++++ SOURCE MATERIAL

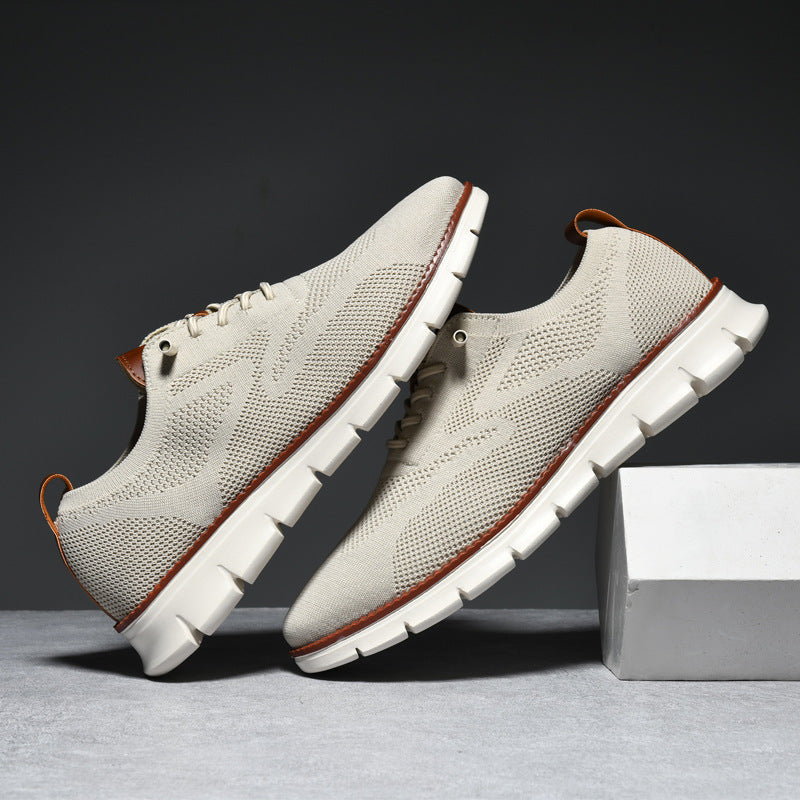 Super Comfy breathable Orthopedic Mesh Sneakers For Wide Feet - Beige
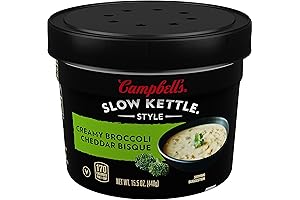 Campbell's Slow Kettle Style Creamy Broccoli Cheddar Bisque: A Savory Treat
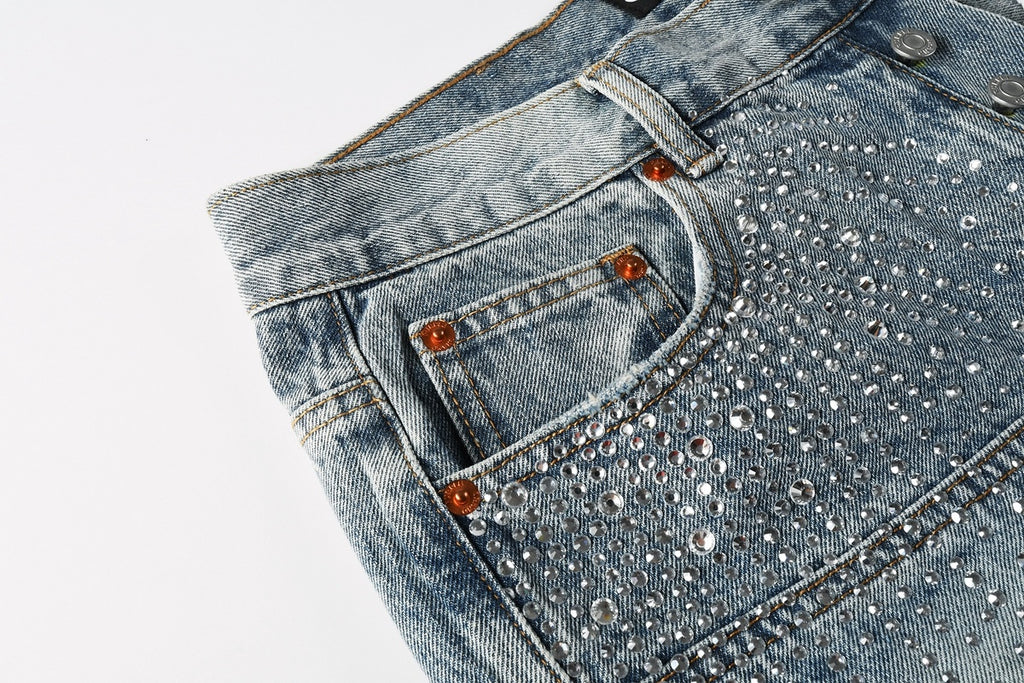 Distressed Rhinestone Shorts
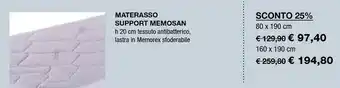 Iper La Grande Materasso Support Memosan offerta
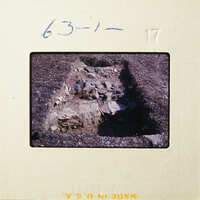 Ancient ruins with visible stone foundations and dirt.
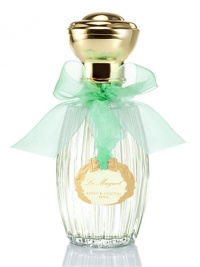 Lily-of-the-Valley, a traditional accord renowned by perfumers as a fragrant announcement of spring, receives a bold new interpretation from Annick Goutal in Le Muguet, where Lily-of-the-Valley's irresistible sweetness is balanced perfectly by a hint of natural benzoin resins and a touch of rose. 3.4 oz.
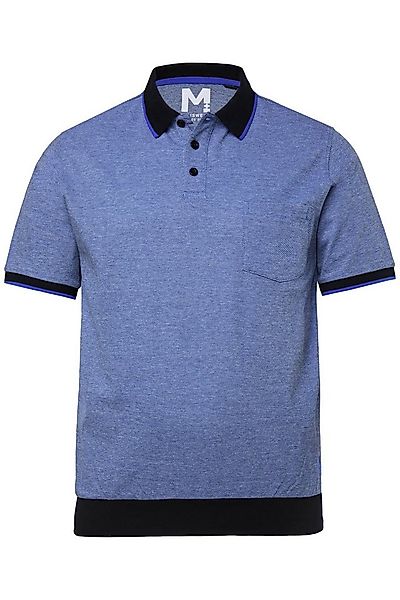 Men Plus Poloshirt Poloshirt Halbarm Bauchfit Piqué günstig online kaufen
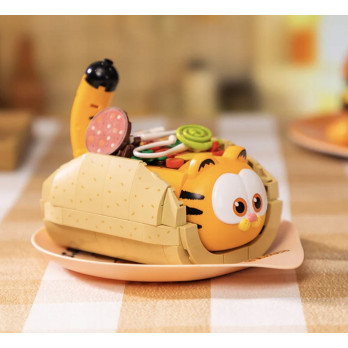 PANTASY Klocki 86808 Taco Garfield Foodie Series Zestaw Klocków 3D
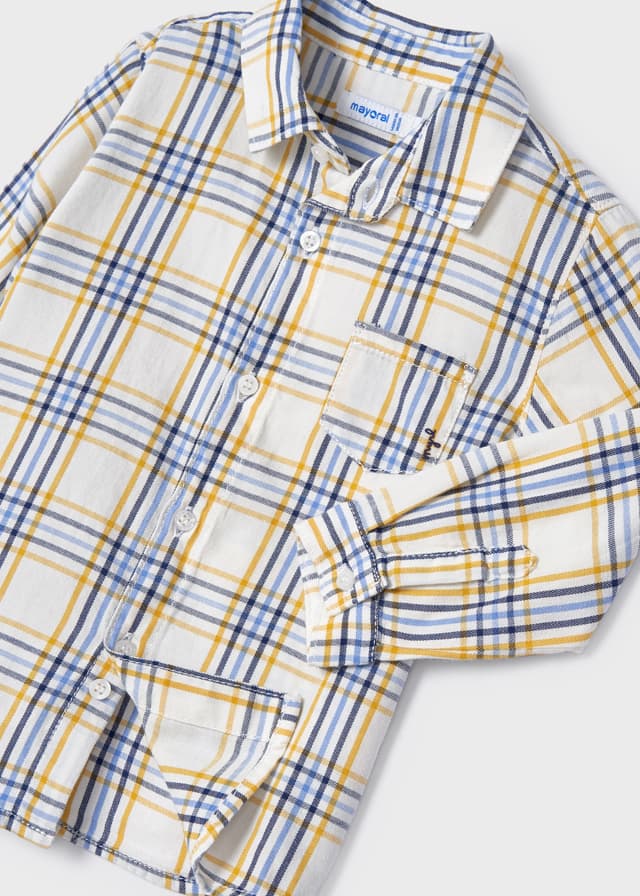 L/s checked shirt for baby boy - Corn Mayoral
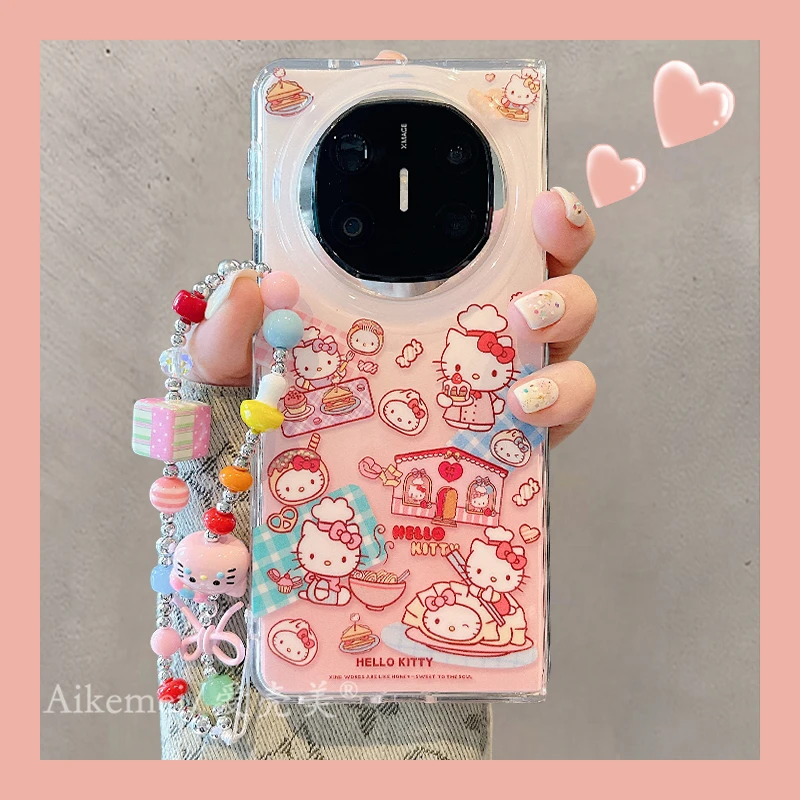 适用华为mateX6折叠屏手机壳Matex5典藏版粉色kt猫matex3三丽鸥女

++++++++

Begin at the line in the entries above that has "Campbell's Slow Kettle", stop after the line that has "Lily-of-the-Valley, a traditional", and output exactly those lines without pictures.

 Campbell's Slow Kettle Style Creamy Broccoli Cheddar Bisque: A Savory Treat
 Distressed Rhinestone Shorts
 Iper La Grande Materasso Support Memosan offerta
 Ancient ruins with visible stone foundations and dirt.
 Lily-of-the-Valley, a traditional accord renowned by perfumers as a fragrant announcement of spring, receives a bold new interpretation from Annick Goutal in Le Muguet, where Lily-of-the-Valley's irresistible sweetness is balanced perfectly by a hint of natural benzoin resins and a touch of rose. 3.4 oz.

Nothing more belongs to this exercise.